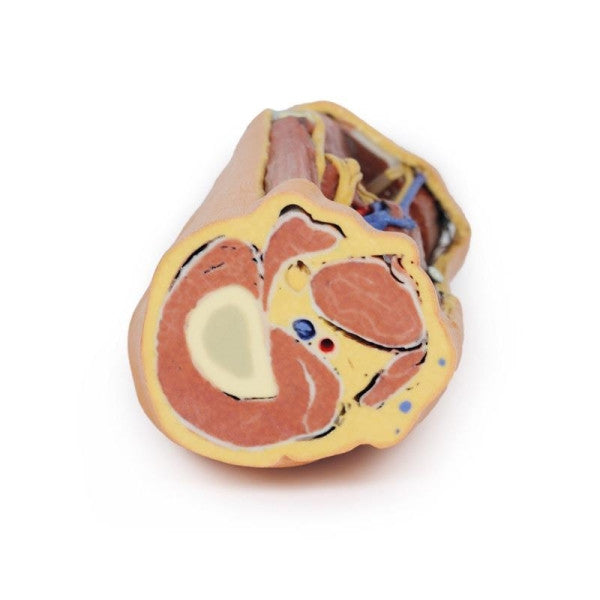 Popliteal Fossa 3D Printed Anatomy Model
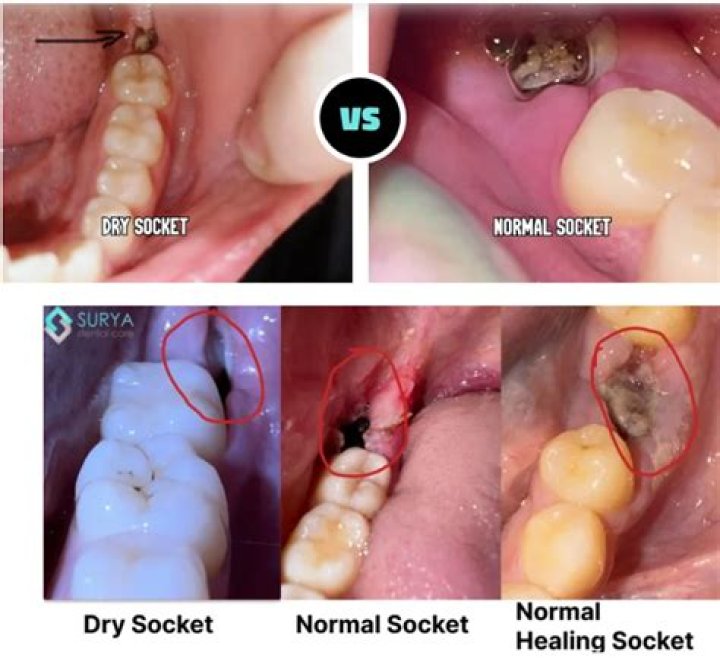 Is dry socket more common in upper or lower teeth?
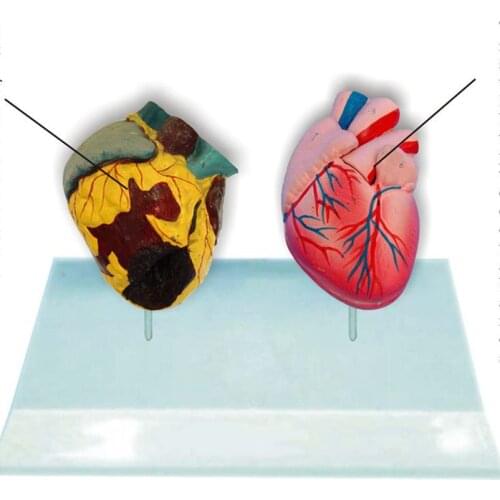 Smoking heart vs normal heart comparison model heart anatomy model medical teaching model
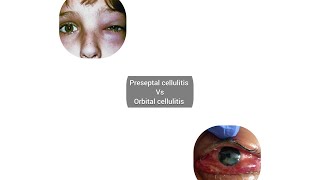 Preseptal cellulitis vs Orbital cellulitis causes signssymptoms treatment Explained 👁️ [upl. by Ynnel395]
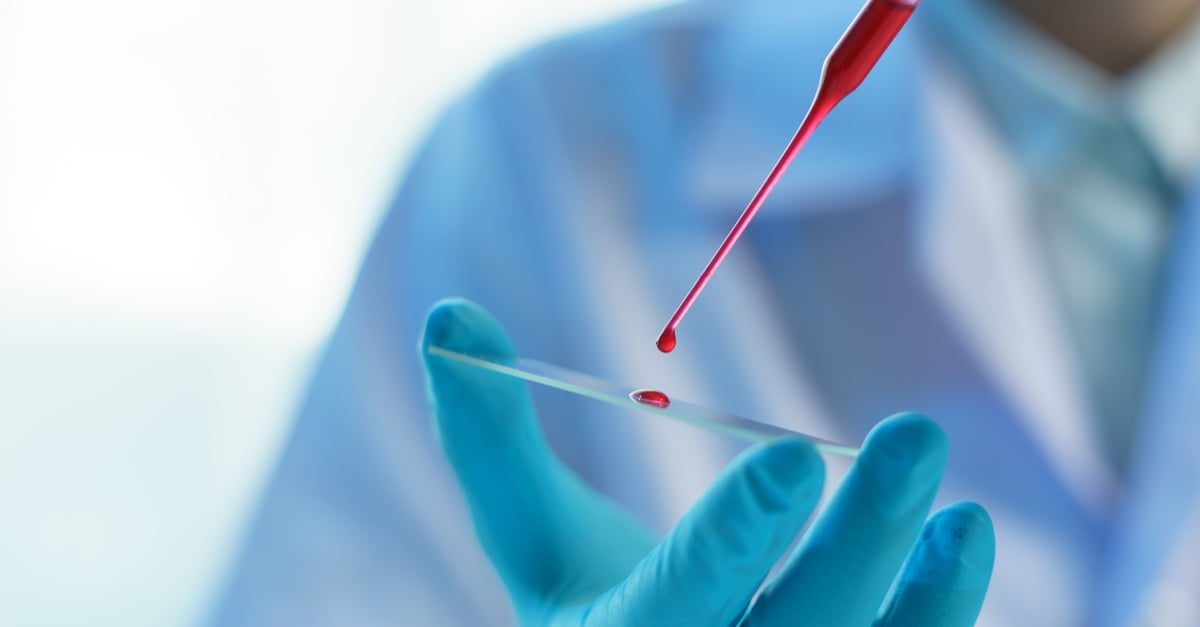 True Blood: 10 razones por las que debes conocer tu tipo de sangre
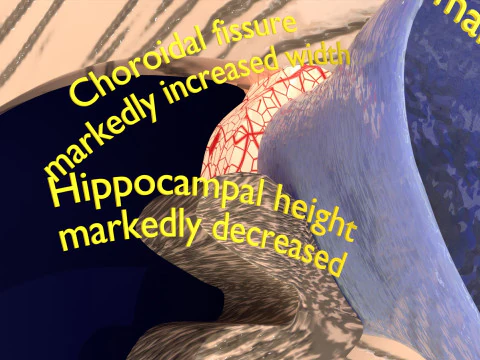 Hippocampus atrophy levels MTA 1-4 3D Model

**What to produce**
Only the pictures may be dropped when you copy the data above; everything else stays exact.

**Solved exercise**
 Popliteal Fossa 3D Printed Anatomy Model
 Is dry socket more common in upper or lower teeth?
 Smoking heart vs normal heart comparison model heart anatomy model medical teaching model
 Preseptal cellulitis vs Orbital cellulitis causes signssymptoms treatment Explained 👁️ [upl. by Ynnel395]
 True Blood: 10 razones por las que debes conocer tu tipo de sangre
 Hippocampus atrophy levels MTA 1-4 3D Model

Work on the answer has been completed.